- Manji at the British Library in 2022
- Born: 28 November 1985 (age 40) Peterborough, England
- Education: London School of Economics;
- Employer: Channel 4 News

= Fatima Manji =

English television journalist and newsreader

Fatima Manji (born 28 November 1985) is a British television journalist and newsreader, working for Channel 4 News. Manji became Britain's first hijab-wearing TV newsreader in March 2016.

==Early life==
Manji was born in Peterborough in 1985. She lived in Netherton, Peterborough and was educated at Jack Hunt School. She was active at the city's Burton Street Mosque and later studied Politics at the London School of Economics. She "made a really informed career decision at the age of eight. I wanted to be where history is made, I wanted to be in the centre of things", she told The Guardian in December 2016 about wanting to become a journalist. "No one told me I'd be standing in a muddy field talking about floods, in waders. Maybe if they had, I'd have rethought".

==Life and career==
She began her career in journalism as a trainee at the BBC, reporting for BBC Radio Cambridgeshire and later becoming a reporter and presenter for BBC Look East. During her period with the BBC, she investigated hate crime against migrants and pressure on housing services. She also reported for the BBC World Service from Sarajevo, Bosnia. In 2012, Manji joined Channel 4 News as a Reporter and became a newsreader in March 2016. "Channel 4 News is to be commended for pioneering this move, particularly as a mere 0.4% of British journalists are Muslim", wrote Remona Aly, citing a study by City University London, in an article for The Guardian about Manji wearing a hijab, or headscarf. In 2015, Manji presented Britain's first ever alternative election debate featuring young leaders on Channel 4.

In 2015, Manji was a finalist for the Royal Television Society's Young Journalist of the Year award. Manji was also finalist in the Broadcast category of the Words by Women Awards for female journalists. She was named "Media Personality of the Year" at the Asian Media Awards in 2016.

===Kelvin MacKenzie column===
In July 2016, Kelvin MacKenzie wrote a column for The Sun in which he questioned whether it was appropriate for Manji to present the news wearing a hijab following the 2016 Nice truck attack. Manji responded to MacKenzie in a comment piece for the Liverpool Echo in which she referred to The Suns coverage of the Hillsborough disaster, and the contentious and inaccurate front page put together by MacKenzie.

Ofcom received 17 complaints about Manji's appearance in a hijab on Channel 4 News shortly after the Nice attack but found there was no basis in the Broadcasting Code leading them to investigate further. The Independent Press Standards Organisation (IPSO) received more than 1,700 complaints over MacKenzie's article.
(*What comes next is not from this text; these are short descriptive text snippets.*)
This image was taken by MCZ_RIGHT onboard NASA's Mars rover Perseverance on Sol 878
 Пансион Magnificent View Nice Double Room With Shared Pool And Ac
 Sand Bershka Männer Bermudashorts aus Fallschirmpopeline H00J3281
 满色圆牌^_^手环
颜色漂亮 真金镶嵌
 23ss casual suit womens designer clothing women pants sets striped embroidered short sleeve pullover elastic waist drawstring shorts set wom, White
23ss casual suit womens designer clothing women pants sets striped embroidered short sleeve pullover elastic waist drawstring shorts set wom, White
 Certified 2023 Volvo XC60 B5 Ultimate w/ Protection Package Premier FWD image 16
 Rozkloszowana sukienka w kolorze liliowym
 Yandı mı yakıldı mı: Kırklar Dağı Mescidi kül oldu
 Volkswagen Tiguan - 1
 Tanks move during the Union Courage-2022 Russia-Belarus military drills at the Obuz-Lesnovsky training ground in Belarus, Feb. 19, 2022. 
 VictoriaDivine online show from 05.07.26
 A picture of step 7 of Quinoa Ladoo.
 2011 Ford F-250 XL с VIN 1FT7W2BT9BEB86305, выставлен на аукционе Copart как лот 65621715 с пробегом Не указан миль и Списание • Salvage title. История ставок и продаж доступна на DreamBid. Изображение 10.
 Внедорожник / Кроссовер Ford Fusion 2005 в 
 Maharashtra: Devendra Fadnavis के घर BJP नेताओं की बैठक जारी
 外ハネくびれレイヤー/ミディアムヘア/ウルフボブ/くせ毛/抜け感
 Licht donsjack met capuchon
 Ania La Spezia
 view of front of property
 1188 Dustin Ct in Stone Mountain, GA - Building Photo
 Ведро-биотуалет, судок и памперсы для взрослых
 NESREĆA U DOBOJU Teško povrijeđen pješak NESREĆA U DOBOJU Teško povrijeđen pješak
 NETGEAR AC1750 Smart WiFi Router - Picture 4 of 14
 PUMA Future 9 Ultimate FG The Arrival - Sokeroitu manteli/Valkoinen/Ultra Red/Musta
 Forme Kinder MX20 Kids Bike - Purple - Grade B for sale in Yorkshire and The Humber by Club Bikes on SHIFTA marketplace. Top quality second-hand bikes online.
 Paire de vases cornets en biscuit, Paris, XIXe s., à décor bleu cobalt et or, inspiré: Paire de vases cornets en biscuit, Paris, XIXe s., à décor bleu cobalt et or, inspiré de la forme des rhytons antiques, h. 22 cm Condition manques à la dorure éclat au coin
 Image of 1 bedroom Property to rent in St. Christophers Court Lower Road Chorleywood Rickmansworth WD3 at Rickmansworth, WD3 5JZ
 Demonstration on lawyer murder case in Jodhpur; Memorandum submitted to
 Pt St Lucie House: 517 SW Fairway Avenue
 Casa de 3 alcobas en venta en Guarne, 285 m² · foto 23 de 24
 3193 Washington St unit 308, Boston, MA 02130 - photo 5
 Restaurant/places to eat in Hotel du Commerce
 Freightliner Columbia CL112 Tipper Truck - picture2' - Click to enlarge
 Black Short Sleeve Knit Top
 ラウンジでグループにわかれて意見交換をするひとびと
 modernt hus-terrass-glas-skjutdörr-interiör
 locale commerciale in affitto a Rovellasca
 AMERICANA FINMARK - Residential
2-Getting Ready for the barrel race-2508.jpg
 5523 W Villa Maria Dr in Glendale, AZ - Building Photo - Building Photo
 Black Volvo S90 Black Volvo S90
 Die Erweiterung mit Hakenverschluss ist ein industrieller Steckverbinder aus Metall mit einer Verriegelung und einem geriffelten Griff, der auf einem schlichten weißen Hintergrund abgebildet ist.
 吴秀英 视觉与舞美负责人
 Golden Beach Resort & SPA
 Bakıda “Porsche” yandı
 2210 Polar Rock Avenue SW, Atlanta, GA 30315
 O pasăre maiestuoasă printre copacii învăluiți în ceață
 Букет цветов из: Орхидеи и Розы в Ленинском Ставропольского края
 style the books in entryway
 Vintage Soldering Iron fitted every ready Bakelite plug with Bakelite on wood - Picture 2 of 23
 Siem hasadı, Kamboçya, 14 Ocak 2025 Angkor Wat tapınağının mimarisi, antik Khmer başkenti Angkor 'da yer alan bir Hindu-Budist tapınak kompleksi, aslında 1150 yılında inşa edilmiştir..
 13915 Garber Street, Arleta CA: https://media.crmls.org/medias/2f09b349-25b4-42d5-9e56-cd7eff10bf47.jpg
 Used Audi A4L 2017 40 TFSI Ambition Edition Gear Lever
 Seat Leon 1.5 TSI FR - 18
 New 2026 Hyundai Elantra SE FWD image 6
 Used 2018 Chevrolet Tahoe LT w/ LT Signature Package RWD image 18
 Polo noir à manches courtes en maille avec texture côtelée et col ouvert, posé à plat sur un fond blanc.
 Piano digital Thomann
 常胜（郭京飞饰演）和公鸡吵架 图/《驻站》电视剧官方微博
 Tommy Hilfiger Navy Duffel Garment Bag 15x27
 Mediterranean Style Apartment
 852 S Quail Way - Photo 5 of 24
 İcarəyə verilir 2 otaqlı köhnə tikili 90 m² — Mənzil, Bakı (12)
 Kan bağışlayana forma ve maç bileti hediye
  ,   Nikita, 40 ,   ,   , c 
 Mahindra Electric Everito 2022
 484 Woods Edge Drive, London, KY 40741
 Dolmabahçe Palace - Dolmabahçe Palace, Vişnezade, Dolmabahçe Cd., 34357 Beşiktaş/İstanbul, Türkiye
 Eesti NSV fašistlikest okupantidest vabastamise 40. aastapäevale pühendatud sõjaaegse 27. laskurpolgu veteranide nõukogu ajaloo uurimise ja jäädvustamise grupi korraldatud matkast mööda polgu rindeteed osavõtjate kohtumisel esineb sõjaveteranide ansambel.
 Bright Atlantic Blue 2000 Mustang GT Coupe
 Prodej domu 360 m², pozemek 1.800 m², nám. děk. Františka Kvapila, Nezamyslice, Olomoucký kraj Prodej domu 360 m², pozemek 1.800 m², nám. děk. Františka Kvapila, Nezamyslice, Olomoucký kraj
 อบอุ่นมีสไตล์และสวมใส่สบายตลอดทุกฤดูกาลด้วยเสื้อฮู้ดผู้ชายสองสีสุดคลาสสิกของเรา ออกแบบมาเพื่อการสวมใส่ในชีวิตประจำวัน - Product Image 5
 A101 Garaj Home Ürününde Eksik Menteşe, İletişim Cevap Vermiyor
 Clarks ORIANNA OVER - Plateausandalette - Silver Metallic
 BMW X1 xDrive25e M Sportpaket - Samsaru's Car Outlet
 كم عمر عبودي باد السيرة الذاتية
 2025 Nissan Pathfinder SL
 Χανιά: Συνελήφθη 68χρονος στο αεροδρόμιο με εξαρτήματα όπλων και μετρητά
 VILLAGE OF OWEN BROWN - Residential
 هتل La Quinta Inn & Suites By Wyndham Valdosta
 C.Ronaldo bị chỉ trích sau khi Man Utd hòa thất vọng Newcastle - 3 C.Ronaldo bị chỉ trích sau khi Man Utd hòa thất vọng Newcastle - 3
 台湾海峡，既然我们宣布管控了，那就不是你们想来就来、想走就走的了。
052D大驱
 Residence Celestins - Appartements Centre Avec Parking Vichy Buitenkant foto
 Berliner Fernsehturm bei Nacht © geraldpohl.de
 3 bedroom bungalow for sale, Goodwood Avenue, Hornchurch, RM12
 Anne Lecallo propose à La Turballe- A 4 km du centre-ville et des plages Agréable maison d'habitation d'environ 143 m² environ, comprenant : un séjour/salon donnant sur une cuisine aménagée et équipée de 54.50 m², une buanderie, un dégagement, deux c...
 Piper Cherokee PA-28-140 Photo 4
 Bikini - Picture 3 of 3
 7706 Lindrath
Kelvin MacKenzie was "entitled", IPSO ruled on 19 October 2016, to criticise Manji: "The article did not include a prejudicial or pejorative reference to the complainant on the grounds of her religion". Manji responded to the ruling on the BBC Radio 4 Today programme objecting to the implied suggestion "that I am somehow sympathetic to a perpetrator of a terrorist attack" and commenting "effectively it is" now "open season on minorities, and Muslims in particular".